"""
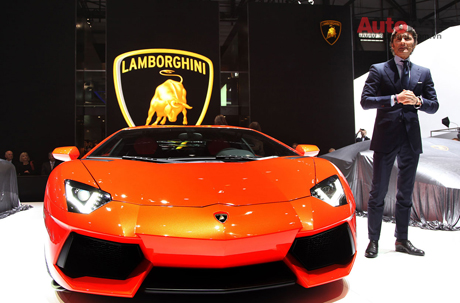 Trước mắt Lamborghini chưa có ý định sản xuất Aventador 4 chỗ ngồi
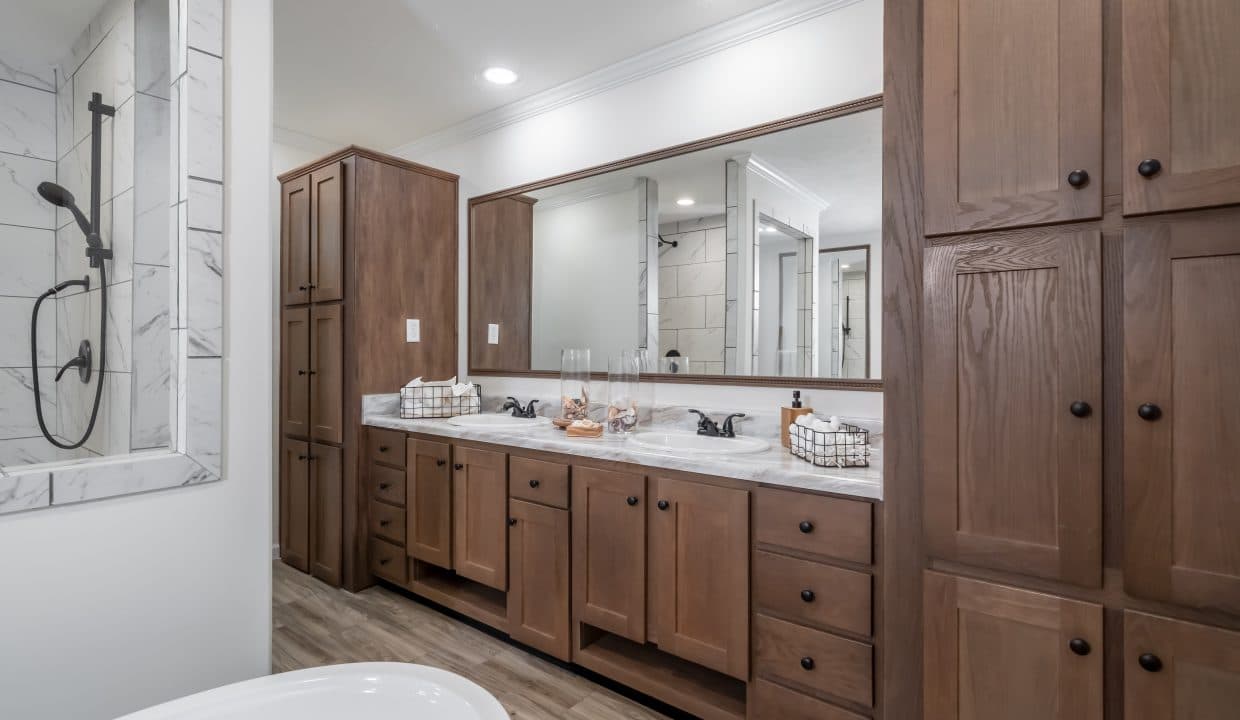 Kb-3250 fargo bathroom home features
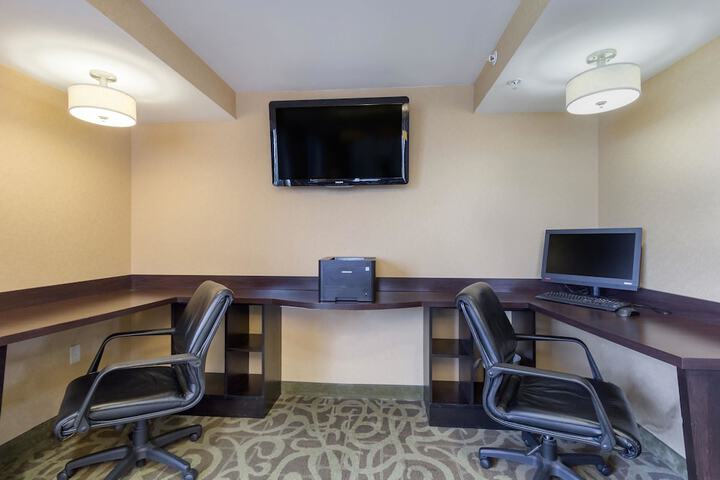 Business Center 31 of 34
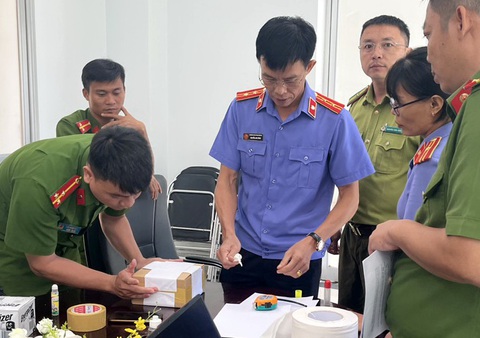 4/5 vật hình tròn nghi trứng vích du khách mang từ Côn Đảo là trứng vích - Ảnh 1. Niêm phong 5 vật hình tròn nghi trứng vích để giám định. Kết quả 4/5 vật là trứng vích - Ảnh: Cơ quan chức năng cung cấp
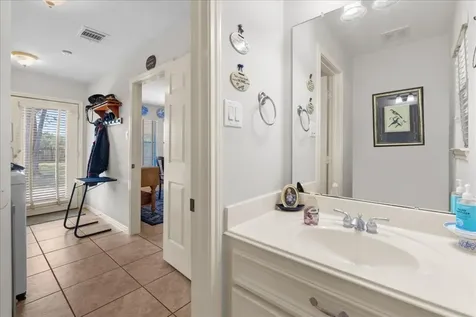 105 Canal Drive Friendswood TX 77546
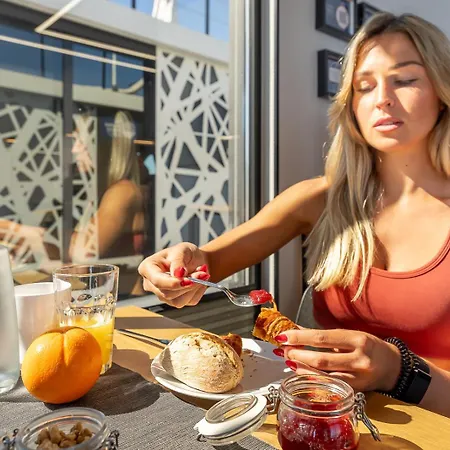 船上ホテル The Homeboat Company Parque Nacoes-lisboa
"""
◆ **Exercise aim**:
Output exactly the lines from the one that has "Business Center 31 of 34" through the end of the data. Do not include pictures.

◆ **Reply**:
 Business Center 31 of 34
 4/5 vật hình tròn nghi trứng vích du khách mang từ Côn Đảo là trứng vích - Ảnh 1. Niêm phong 5 vật hình tròn nghi trứng vích để giám định. Kết quả 4/5 vật là trứng vích - Ảnh: Cơ quan chức năng cung cấp
 105 Canal Drive Friendswood TX 77546
 船上ホテル The Homeboat Company Parque Nacoes-lisboa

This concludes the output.